Берегом реки они прошли за деревню и, когда крайняя крыша запрокинулась за охряной угор, вдруг скованно замолчали, часто и подозрительно заглядывались, не зная, как повести себя. Степушка раза два неловко прихватывал Милку, пробовал привлечь к себе, торопливо тискал за плечи, но она отбояривалась, глядела холодно и зверовато. «Смотрит, как волк на бердану. Поиграй, поиграй, милая, — думал парень любопытно и с тайным расчетом оглядывал Милку. — Сейчас-то я тебя уломаю, и пикнуть не успеешь».

Справа остался сосновый борок, распаренно млевший, понизу просохший до хруста, словно бы посыпанный жарким пеплом; река вильнула, растеклась широким плесом и до самой стрежи поросла жирным хвощом; сиреневые стрекозы качались на суставчатых остриях и едва проблескивали крылом на атласном небе.
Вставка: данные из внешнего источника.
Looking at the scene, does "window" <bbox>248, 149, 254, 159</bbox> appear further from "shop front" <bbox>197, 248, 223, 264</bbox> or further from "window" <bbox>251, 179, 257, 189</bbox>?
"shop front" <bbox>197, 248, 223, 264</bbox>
Все это замечалось Степушкой вчуже, вроде бы посторонним глазом, и несло свой тайный смысл. Низкая бережина и в жару не подсохла от проливных дождей, она была истыкана коровьим копытом, и ступня то и дело коварно проседала в эти глубокие, присыпанные мелким осотцем следы, на дне которых скопилась жидкая каша. Милка шла впереди, лениво покачиваясь, и когда она проваливалась, то каждый раз нарочно охала и заполошно смеялась, запрокидывая голову; мутная свинцово-охряная жижа прыскала из-под ноги и засыхала на икрах частыми веснушками. Степушка, взвинченный до предела этим длинным днем, пристально изучал и слегка широковатые плечи, и тяжелый загривок, больше мужской, чем женский, и коротковатые ноги с глубокими перевязями над грязными икрами — и настойчиво убеждал себя и почти верил тому, что вовсе не любит Милку.